March 13 (due date!)
1.10 am: First contraction slams home.  It was a brutal one.  They start thick and fast.  Every 4-5 minutes, 30 seconds-1 minute long, and strong.

1.15am: Mili is unceremoniously dumped at my visiting teacher's home.  She looks very bleary and confused.

1.20am: We are on the freeway.  Tyler does not drive the speed limit.

1.50am: Check-in at the hospital.  Nurses are trying to ask lots of questions, hook me up to an IV and monitors, and have me sign paperwork between contractions.  Ha!  Right.

2.14am: Two pushes and one good-sized pair of shoulders later (oof), a healthy 8lb 6oz boy is born!



And that, my friends, is it.  The timing couldn't have been better, thanks to a very loving Heavenly Father who didn't think I needed another epic birth story either.  On a side note, I have to say that I really enjoyed not finding out the gender until the birth, even if it was only for the total excitement of all my nurses that it was a surprise.

08 April 2014

On fattening up babies and other useless information.

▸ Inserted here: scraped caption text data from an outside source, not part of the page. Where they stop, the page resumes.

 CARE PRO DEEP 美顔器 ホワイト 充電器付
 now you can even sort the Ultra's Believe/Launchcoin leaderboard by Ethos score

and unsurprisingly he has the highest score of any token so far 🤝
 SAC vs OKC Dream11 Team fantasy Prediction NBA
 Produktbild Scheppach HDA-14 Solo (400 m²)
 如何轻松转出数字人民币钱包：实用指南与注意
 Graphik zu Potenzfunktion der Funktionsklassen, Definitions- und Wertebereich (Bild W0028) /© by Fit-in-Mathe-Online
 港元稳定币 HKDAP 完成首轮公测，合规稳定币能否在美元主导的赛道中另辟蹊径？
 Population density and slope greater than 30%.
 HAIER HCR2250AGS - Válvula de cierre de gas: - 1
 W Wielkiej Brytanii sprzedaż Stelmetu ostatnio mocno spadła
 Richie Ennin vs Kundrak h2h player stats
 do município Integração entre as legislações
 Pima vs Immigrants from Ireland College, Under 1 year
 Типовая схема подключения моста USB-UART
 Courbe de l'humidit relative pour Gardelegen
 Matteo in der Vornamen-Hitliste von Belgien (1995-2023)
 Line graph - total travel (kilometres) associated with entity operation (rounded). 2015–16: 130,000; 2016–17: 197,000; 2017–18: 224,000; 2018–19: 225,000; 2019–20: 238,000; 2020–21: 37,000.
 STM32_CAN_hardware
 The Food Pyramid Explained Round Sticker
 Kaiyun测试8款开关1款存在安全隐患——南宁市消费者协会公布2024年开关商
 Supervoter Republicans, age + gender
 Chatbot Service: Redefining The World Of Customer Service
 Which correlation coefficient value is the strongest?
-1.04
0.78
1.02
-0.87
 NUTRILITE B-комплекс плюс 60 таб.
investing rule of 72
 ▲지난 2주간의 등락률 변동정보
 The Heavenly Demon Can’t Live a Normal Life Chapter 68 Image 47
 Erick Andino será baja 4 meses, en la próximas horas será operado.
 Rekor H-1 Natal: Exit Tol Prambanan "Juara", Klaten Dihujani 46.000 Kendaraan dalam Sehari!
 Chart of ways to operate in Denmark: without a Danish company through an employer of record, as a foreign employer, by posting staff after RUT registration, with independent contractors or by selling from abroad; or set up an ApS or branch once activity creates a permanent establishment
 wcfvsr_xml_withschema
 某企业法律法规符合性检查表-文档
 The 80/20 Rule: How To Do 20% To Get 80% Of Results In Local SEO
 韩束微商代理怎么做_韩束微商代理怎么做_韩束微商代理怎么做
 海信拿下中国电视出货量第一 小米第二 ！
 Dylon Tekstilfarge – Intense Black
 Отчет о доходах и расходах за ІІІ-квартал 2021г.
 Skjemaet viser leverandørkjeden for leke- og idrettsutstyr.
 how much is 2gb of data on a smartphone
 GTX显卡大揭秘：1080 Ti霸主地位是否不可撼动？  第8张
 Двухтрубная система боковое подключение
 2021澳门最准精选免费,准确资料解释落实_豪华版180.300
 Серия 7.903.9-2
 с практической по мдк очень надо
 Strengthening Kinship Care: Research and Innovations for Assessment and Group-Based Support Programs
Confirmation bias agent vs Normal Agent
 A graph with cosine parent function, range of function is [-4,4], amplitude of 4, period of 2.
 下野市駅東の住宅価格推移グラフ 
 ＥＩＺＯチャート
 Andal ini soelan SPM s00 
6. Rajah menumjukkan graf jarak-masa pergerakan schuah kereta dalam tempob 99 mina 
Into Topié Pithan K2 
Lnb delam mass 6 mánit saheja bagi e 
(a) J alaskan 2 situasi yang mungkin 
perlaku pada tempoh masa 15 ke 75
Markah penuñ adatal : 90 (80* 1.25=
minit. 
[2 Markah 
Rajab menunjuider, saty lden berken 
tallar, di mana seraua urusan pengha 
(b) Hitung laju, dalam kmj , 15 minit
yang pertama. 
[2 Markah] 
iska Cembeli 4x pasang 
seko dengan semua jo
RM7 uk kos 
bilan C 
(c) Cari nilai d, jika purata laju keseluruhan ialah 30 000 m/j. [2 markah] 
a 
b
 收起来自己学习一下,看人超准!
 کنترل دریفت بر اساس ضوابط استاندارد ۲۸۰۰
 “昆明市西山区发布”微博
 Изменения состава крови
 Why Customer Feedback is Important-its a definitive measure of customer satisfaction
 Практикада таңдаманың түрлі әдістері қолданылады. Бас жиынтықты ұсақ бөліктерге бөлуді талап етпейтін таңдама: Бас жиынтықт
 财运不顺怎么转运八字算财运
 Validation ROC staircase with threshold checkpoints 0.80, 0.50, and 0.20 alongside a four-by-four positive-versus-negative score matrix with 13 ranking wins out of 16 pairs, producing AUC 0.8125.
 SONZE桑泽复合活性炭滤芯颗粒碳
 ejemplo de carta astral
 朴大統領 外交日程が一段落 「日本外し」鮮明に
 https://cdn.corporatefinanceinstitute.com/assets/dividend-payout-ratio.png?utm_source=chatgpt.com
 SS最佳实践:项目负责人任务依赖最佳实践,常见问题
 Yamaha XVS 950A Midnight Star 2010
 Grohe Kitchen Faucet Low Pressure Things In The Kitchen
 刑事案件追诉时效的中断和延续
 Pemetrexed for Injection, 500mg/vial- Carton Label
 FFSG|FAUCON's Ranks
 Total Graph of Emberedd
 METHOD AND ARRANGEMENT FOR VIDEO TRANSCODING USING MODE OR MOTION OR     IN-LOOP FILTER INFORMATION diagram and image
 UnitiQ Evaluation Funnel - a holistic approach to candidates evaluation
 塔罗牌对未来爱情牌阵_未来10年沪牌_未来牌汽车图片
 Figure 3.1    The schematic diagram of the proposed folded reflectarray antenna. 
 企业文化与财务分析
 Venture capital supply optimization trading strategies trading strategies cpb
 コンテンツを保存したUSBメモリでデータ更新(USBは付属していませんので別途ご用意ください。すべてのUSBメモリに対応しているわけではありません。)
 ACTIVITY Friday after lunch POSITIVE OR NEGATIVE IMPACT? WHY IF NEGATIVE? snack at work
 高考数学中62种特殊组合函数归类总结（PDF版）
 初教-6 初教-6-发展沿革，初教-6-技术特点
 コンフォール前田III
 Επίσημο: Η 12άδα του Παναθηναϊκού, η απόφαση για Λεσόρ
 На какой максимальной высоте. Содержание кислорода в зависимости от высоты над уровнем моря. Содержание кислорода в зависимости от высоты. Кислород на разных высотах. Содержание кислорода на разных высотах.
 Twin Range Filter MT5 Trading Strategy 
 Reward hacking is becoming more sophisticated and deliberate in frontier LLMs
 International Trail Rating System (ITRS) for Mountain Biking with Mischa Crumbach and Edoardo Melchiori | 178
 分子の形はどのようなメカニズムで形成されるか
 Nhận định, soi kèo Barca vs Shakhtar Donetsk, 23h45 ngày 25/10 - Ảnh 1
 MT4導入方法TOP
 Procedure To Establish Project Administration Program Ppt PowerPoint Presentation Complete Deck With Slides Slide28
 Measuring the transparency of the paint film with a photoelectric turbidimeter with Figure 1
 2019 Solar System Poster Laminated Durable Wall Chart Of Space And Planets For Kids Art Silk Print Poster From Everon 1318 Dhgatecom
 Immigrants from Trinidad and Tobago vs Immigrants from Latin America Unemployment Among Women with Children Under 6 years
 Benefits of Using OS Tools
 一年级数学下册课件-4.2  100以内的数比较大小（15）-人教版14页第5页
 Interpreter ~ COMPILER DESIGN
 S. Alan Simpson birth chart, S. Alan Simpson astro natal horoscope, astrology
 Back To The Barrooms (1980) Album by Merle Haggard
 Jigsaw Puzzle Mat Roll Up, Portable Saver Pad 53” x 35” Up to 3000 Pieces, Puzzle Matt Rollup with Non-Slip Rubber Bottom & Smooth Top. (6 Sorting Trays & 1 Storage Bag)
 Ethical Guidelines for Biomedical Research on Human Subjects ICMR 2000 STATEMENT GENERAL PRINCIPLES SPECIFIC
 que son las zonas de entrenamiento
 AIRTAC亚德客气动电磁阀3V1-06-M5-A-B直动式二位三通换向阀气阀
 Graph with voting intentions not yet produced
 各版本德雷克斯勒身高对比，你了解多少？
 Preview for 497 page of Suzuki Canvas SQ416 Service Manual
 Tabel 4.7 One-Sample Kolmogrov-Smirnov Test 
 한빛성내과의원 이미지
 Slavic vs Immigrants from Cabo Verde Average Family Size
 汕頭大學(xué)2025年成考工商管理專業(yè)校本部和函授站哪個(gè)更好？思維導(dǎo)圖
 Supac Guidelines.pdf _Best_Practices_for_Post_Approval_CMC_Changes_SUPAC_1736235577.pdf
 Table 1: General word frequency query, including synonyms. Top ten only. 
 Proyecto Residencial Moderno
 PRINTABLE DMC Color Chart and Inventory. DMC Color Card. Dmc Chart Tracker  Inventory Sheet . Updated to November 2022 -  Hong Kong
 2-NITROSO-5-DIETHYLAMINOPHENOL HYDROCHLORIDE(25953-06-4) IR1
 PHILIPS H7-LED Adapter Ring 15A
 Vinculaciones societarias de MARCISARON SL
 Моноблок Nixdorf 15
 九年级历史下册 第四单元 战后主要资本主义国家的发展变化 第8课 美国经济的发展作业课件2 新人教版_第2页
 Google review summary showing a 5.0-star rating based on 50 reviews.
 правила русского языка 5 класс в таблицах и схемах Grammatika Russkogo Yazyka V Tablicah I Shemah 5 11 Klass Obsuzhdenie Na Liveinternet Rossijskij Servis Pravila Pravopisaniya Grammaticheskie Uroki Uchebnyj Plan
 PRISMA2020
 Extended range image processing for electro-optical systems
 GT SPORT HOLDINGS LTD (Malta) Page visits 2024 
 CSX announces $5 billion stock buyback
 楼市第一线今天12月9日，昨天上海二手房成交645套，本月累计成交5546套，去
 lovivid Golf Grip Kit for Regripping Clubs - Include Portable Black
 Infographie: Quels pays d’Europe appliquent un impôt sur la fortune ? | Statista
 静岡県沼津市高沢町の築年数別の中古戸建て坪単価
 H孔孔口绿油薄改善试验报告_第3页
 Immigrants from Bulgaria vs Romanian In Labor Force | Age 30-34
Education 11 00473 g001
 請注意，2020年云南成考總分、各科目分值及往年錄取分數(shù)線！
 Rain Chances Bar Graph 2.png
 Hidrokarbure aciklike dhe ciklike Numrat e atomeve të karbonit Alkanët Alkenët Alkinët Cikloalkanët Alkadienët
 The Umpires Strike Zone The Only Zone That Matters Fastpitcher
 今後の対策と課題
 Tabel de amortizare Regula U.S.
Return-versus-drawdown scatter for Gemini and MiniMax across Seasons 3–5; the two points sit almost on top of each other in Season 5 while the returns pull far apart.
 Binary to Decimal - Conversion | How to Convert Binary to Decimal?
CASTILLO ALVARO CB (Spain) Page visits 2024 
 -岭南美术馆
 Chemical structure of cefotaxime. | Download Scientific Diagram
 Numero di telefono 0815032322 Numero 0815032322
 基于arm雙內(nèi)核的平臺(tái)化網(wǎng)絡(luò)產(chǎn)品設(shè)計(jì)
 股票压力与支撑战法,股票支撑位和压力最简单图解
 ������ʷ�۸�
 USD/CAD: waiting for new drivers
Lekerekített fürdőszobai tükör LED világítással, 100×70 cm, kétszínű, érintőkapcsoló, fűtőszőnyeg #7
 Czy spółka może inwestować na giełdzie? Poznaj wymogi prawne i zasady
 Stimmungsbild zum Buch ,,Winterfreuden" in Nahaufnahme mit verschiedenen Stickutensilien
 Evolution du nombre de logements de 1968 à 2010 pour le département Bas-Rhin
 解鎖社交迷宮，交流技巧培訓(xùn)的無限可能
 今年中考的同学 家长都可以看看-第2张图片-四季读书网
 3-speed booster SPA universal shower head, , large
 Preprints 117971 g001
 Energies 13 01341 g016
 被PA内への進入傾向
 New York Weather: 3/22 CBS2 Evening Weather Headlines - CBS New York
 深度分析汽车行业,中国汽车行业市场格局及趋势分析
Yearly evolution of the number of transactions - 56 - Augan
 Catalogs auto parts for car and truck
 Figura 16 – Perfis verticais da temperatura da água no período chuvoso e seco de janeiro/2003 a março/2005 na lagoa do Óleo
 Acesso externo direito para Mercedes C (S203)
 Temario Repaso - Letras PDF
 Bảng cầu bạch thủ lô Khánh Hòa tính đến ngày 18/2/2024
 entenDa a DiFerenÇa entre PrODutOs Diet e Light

According to our bathroom scale, Noah was just shy of 12 pounds a day or two ago.  Which means he's almost certainly there now.  That puts this guy on track for gaining a pound a week since he left the hospital. Do you realize what that means?  He eats like you would not believe.  Or I make cream, not milk. You pick.  I'm not one of those people who loooooves breastfeeding.  I mean, I don't hate it either, it's not some horrible experience for me - I'm pretty spoiled that it all comes so easily.  But, my babies eat and eat and eat.  And eat.  It leaves me feeling so... drained.
I mean, do you see those cheeks?!
On a somewhat related tangent, England killed my ability to grocery shop, therefore we keep running out of food except the Nutella that cruelly sits on my shelf.  (Noah pukes if I eat chocolate.  How unfair is that?) Yesterday there was nothing that seemed even plausible for lunch.  So I didn't really eat lunch - one of the dumbest things I can do right now.  And then my first ever real experience with the baby blues smacked me in the face.  This is all to say I'm really grateful for new days and a husband who upon hearing I didn't eat lunch scooped up both kids and trekked it to the grocery store without me even though he had just gotten home from a hot day on the roofs.
I'm realizing that two kids is a whole different ball game.  My house is a disaster 98% of the time, the dishes are perpetually unwashed, and the laundry, oh man, it's going to eat me.  But! I'm focusing on the fact that both of Noah and Mili are still alive.  And thriving!  Here's to new challenges, a delightfully chunky baby, and cold cereal!
P.S. Noah's birth story is coming soon.